Par contre, il n’est pas exclu d’entamer des discussions pour les sondages non encore évalués. Devant le Gouverneur, le représentant de la Commission départementale a confirmé «la volteface des Ics». «L’objet de la réunion tenue à Méouane avant le début des sondages était d’éviter ce genre de problème», rappelle-t-il. Les dégâts sont estimés à 103,7 ha, 170 trous de sondage, 38 mille 203 espèces arboricoles et forestières, 1251 mètres linéaires de haies vives pour un coût total de 760 millions 405 mille 859 F Cfa, évalue la Commission départementale en charge des évaluations. Soit seulement 1 million 178 mille 823 par paysan en moyenne. «Les Ics, plutôt que de respecter leur engagement, veulent imposer aux paysans 235 millions 970 mille 699 F Cfa, soit une différence de 524 millions 435 mille 160 F. Ainsi elles ne veulent payer que 31% de ce qu’elles doivent aux paysans», dénotent les impactés.
ARRET DES SONDAGES MINIERS ET BLOCUS DE CERTAINS SITES - LES ICS AU BORD DE L’ASPHYXIE
Avec l’arrêt des sondages miniers des Industries chimiques du Sénégal (Ics) à la suite d’un arrêté du sous-préfet de l’arrondissement de Méouane le 3 juin dernier, la société avait alerté sur «les faits liés à la situation inquiétante qui perdure tout en se dégradant depuis plusieurs jours, mettant progressivement à l’arrêt les activités de l’entreprise». «Les activités minières des Ics sont à l’arrêt depuis le mardi 28 mai 2024 suite au blocage des sites d’extraction et de traitement du minerai par un certain nombre de personnes. Ainsi, depuis le samedi 1er juin 2024, la ligne de chemin de fer reliant les sites a été bloquée, ce qui empêche l’évacuation de l’acide phosphorique et, par conséquent, provoque un arrêt progressif de la fabrication de ce produit», note l’entreprise.
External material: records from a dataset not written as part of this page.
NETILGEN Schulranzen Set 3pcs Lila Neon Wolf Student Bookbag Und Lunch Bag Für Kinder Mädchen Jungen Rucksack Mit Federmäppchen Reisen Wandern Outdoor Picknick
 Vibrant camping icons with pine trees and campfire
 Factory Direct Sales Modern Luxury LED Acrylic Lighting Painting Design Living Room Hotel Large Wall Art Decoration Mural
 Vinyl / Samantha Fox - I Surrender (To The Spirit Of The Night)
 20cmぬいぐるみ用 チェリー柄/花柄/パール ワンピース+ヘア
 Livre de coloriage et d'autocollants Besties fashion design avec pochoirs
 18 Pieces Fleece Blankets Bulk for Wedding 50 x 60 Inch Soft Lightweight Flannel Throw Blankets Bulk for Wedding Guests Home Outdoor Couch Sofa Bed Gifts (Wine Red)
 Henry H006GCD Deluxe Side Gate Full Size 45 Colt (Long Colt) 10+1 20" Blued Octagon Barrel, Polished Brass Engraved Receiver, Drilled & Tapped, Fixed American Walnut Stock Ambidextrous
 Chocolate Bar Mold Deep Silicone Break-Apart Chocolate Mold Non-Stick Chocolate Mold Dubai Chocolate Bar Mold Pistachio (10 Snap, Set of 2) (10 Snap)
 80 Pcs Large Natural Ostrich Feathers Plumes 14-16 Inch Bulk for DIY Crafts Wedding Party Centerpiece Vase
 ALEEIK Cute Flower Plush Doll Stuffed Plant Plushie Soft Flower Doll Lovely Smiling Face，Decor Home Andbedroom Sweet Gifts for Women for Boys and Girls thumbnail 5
Pourquoi une telle situation ? A en croire la Cellule de communication, les Ics conduisent simultanément des travaux d’exploration et d’exploitation, dans le cadre des concessions minières pour l’exploitation des phosphates de chaux de Tobène-Nord et de Tobène-Sud, renouvelées en 2008 par décret et valables jusqu’en 2033. L’objet du blocage noté depuis le mardi 28 mai 2024 découle de la nouvelle demande des personnes impactées quant à la compensation de la dernière campagne d’exploration. Toutefois, elle assure qu’«une telle situation impacte directement les 5 mille emplois directs générés par la société et les communautés environnantes dont les Ics constituent le principal moteur économique et social».